As for the manufacturer, I'm not sure if that does anything either other than a data tag particularly since it's not a "drop down" and you can type anything you want into that field.
My guess (and only that) is that the only 2 fields that probably mean/do anything is the capacity and the technology.

I've attached a couple screen shots of what is set on mine (2020 Highline), as well as the listing of available battery technology types to choose from.



















Factory battery:









Hope this helps...

Cheers...
DoC


----------



## Kushdaiin (Feb 24, 2012)

Supposedly changing the serial number by one digit (I.e. 111112) prompts the computer that there’s a newly installed battery and to ‘relearn’ it. Worth doing if for nothing else. 


Sent from my iPhone using Tapatalk


----------



## LennyNero (Aug 25, 2018)

Just saw this thread and wanted to chime in.

My 2018 originally came with a Banner EFB+ battery. Replaced it in Mar 2020 with a VW/Audi AGM by Varta.
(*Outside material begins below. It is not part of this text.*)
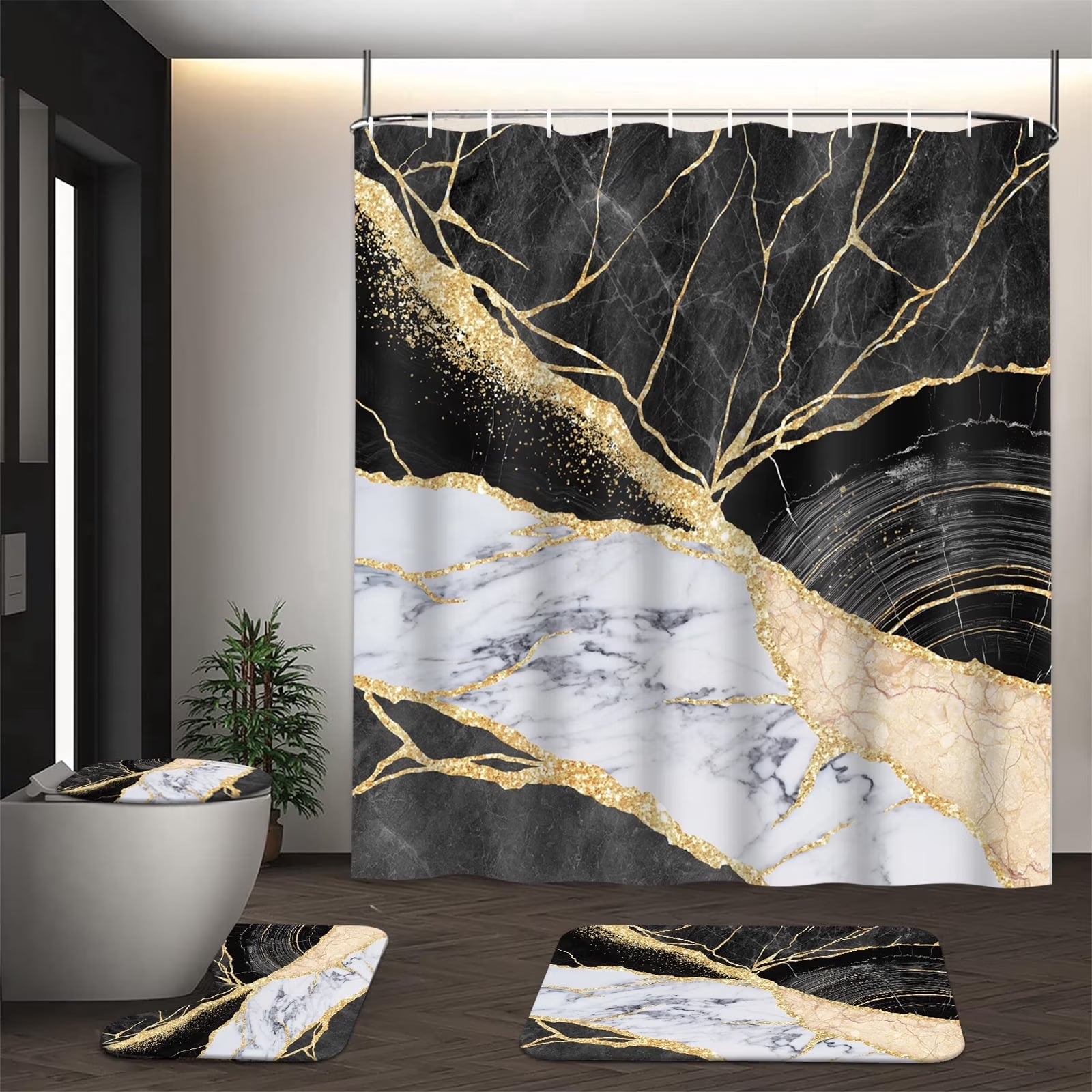 Black Gold Marble Shower Curtain Sets with Rugs, 16 Pc Modern Abstract Bathroom Sets, Waterproof Fabric Bathroom Curtain Decor with Hooks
The dealer was within $10 of my aftermarket sources so it was a no-brainer. VW part number is *000 915 105 CC* although I think it got superseded to a new letter designation. 

Recoding when changing chemistry/capacity is a necessity due to the different charge profiles of AGMs vs flooded and enhanced flooded cell batteries. It's the primary reason for aftermarket AGM battery failure in vehicles with "dumb" charging systems.


----------